STM32 SWO vs FastSemihosting

Sysprogs forums Forums VisualGDB STM32 SWO vs FastSemihosting

Viewing 12 posts - 1 through 12 (of 12 total)
  • Author
    Posts
  • #32402
    Timo Engelmann
    Participant

    Hi SysProgs Support,

    thanks for the support at https://sysprogs.com/w/forums/topic/stm32-itm-swo-solved/ topic.
    Now I test the VisualGDB FastSemihosting contra ITM/SWO.

    I’m using a STM32CubeMx CMake project with FreeRTOS.
    My system runs on a STM32G474 with SYSCLK = 160 MHz.
    The SWO is clocked at the maximum speed of 40 MHz.

    To compare the both output methods I use the following simple test code
    and measure the diff time at the Dbg0-Pin with a logic analyzer.

    HAL_GPIO_WritePin(Dbg0_GPIO_Port, Dbg0_Pin, GPIO_PIN_SET); // From here...
    ITM_Write("SWO\r\n"); // Write direct to SWO.
    HAL_GPIO_WritePin(Dbg0_GPIO_Port, Dbg0_Pin, GPIO_PIN_RESET); // ... to here it takes 2.775 µs
    HAL_GPIO_WritePin(Dbg0_GPIO_Port, Dbg0_Pin, GPIO_PIN_SET); // From here...
    printf("Sem\r\n"); // Print via FastSemihosting
    HAL_GPIO_WritePin(Dbg0_GPIO_Port, Dbg0_Pin, GPIO_PIN_RESET); // ... to here it takes 12.525 µs

    For the result see comments or the attached screenshot.
    I assume, that the slower speed of FastSemihosting is caused by using the printf() method.

    At FastSemihosting.h you write:

    //! Do not call directly. Enable the <b>Redirect printf() to fast semihosting</b> option instead and use regular printf().
    int WriteToFastSemihostingChannel(unsigned char channel, const void *pBuffer, int size, int writeAll);

    Is there any way to write a string directly to FastSemihosting without the comfort of printf()?

    Thanks for support!
    Timo

    Attachments:
    You must be logged in to view attached files.
    #32405
    Timo Engelmann
    Participant

    Only for testing I call now direct the WriteToFastSemihostingChannel() methode with following result:

    HAL_GPIO_WritePin(Dbg0_GPIO_Port, Dbg0_Pin, GPIO_PIN_SET); // From here...
    ITM_Write("SWO\r\n");
    HAL_GPIO_WritePin(Dbg0_GPIO_Port, Dbg0_Pin, GPIO_PIN_RESET); // ... to here it takes 2.775 µs
    
    HAL_GPIO_WritePin(Dbg0_GPIO_Port, Dbg0_Pin, GPIO_PIN_SET); // From here...
    printf("Sem\r\n");
    HAL_GPIO_WritePin(Dbg0_GPIO_Port, Dbg0_Pin, GPIO_PIN_RESET); // ... to here it takes 12.525 µs
    
    HAL_GPIO_WritePin(Dbg0_GPIO_Port, Dbg0_Pin, GPIO_PIN_SET); // From here...
    WriteToFastSemihostingChannel(1, "Dir\r\n", 5, 1);
    HAL_GPIO_WritePin(Dbg0_GPIO_Port, Dbg0_Pin, GPIO_PIN_RESET); // ... to here it takes 2.985 µs

    If it is ok to use this method direct, it would be a good result.
    It is a little bit slower than the SWO, but I can use the colors if I needed.

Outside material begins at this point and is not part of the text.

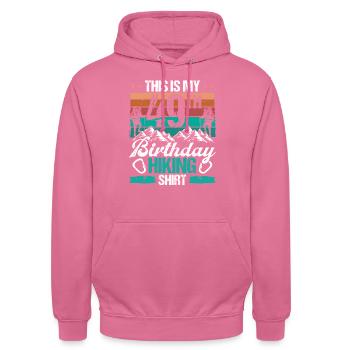 49 Year Old Hiking Men Mountain Climbing Nature - Unisex Hoodie - Pink - Vorne - Alina (178cm) & Michal (187cm)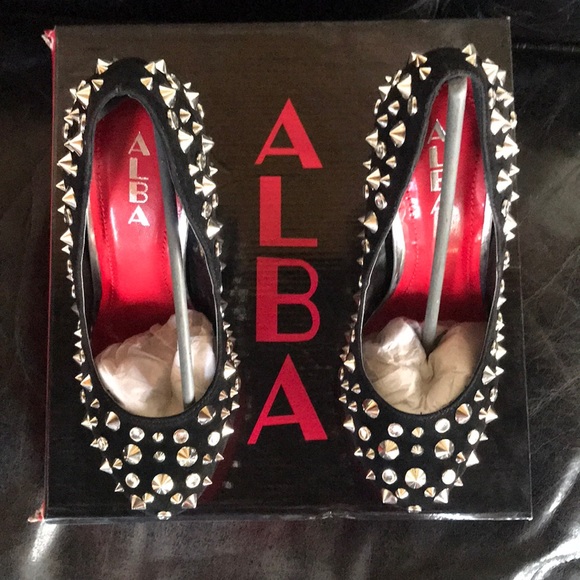 NWT ALBA high hills SHUES bottom RED - Picture 5 of 8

    Is there a problem to use it direct? Maybe regarding calls from different threads?

    #32408
    support
    Keymaster

    Hi,

    The fast semihosting pays off when using larger payloads (e.g. outputting large logs to the resource manager). It will also be somewhat faster if you switch to the release build, as the optimizer will eliminate a lot of unnecessary instructions.

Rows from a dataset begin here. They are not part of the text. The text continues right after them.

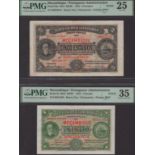 Banco Nacional Ultramarino, Mozambique, 1 and 5 Escudos, 1 August 1941, serial numbers...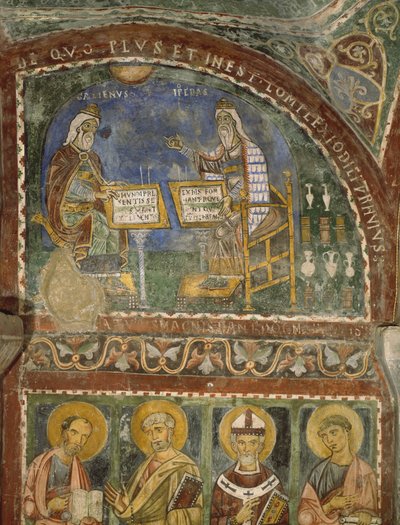 Hippocrates and Galen, Crypt of Anagni Cathedral by Italian School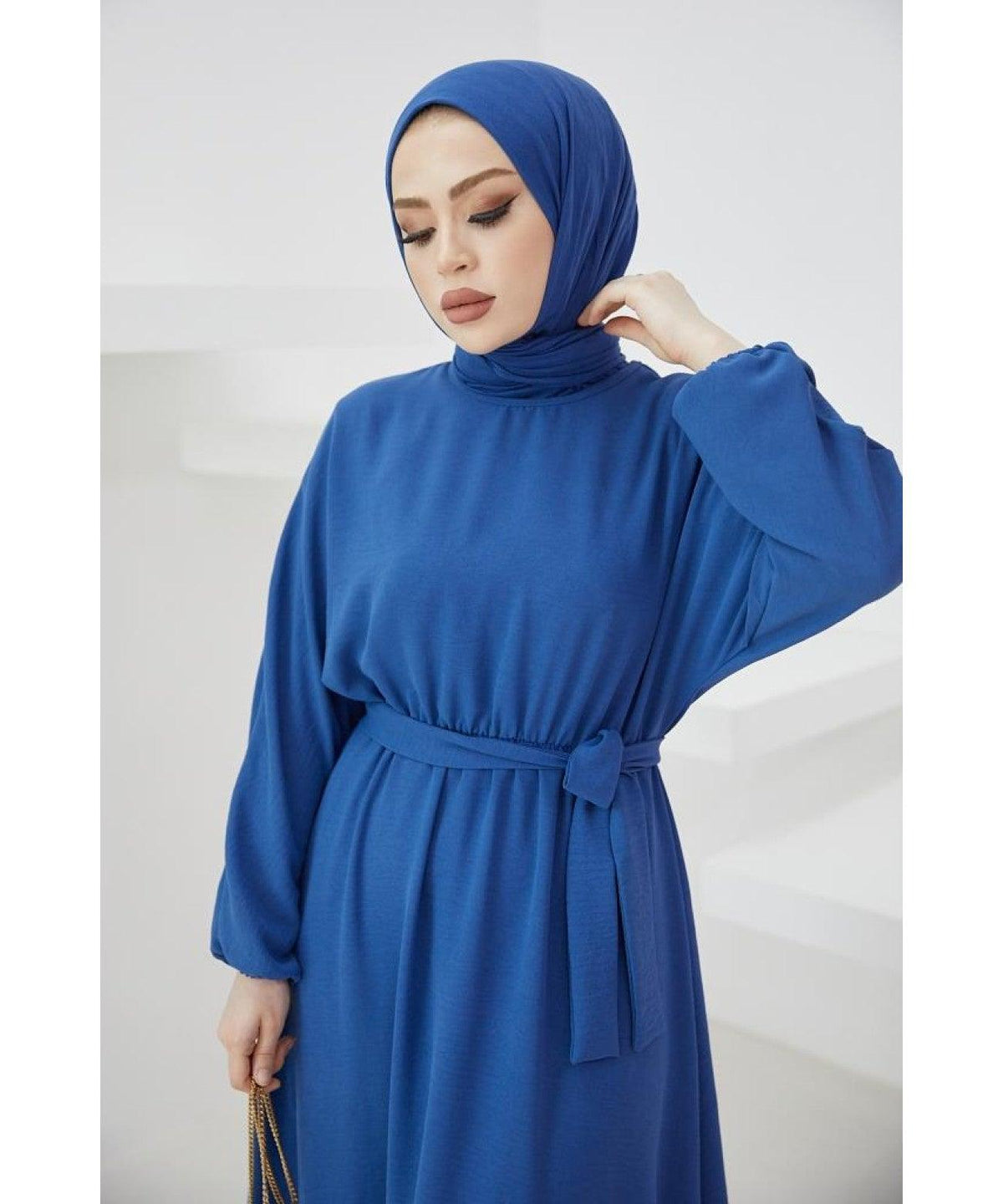 Long Turkish Eid Belt Abaya Dress for Women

    The extra delay compared to ITM comes from the logic used for combining multiple output streams (profiler, live coverage, test resources, printf) and is optimized for real-world scenarios (moderate to heavy data flow). We never optimized it for synthetic tests on smaller payloads, so it may indeed be slower than ITM (although still much faster than one can read).

    #32409
    Timo Engelmann
    Participant

    Ok, unfortunately I observe a problem with the FastSemihosting on my system.
    If have set up the FastSemihosting like in the screenshot
    https://sysprogs.com/w/wp-content/uploads/2022/03/FastSemihosting_stucks_03.jpgFastSemihosting_stucks_03.jpg

    My testcode:

    /* USER CODE END Header_StartDefaultTask */
    void StartDefaultTask(void *argument)
    {
      /* USER CODE BEGIN StartDefaultTask */
        /* Infinite loop */
        for (;;)
        {
            HAL_GPIO_WritePin(Dbg0_GPIO_Port, Dbg0_Pin, GPIO_PIN_SET);
            ITM_Write("SWO\r\n");
            HAL_GPIO_WritePin(Dbg0_GPIO_Port, Dbg0_Pin, GPIO_PIN_RESET);
    
            HAL_GPIO_WritePin(Dbg0_GPIO_Port, Dbg0_Pin, GPIO_PIN_SET);
            printf("Sem\r\n");
            HAL_GPIO_WritePin(Dbg0_GPIO_Port, Dbg0_Pin, GPIO_PIN_RESET);
    
            HAL_GPIO_TogglePin(LedCan1_GPIO_Port, LedCan1_Pin);
            HAL_Delay(500);

    After some time, the system is stucks.

    A little bit debugging session shows, that the FastSemihosting buffer check in line 113 in file FastSemihosting.cpp fires.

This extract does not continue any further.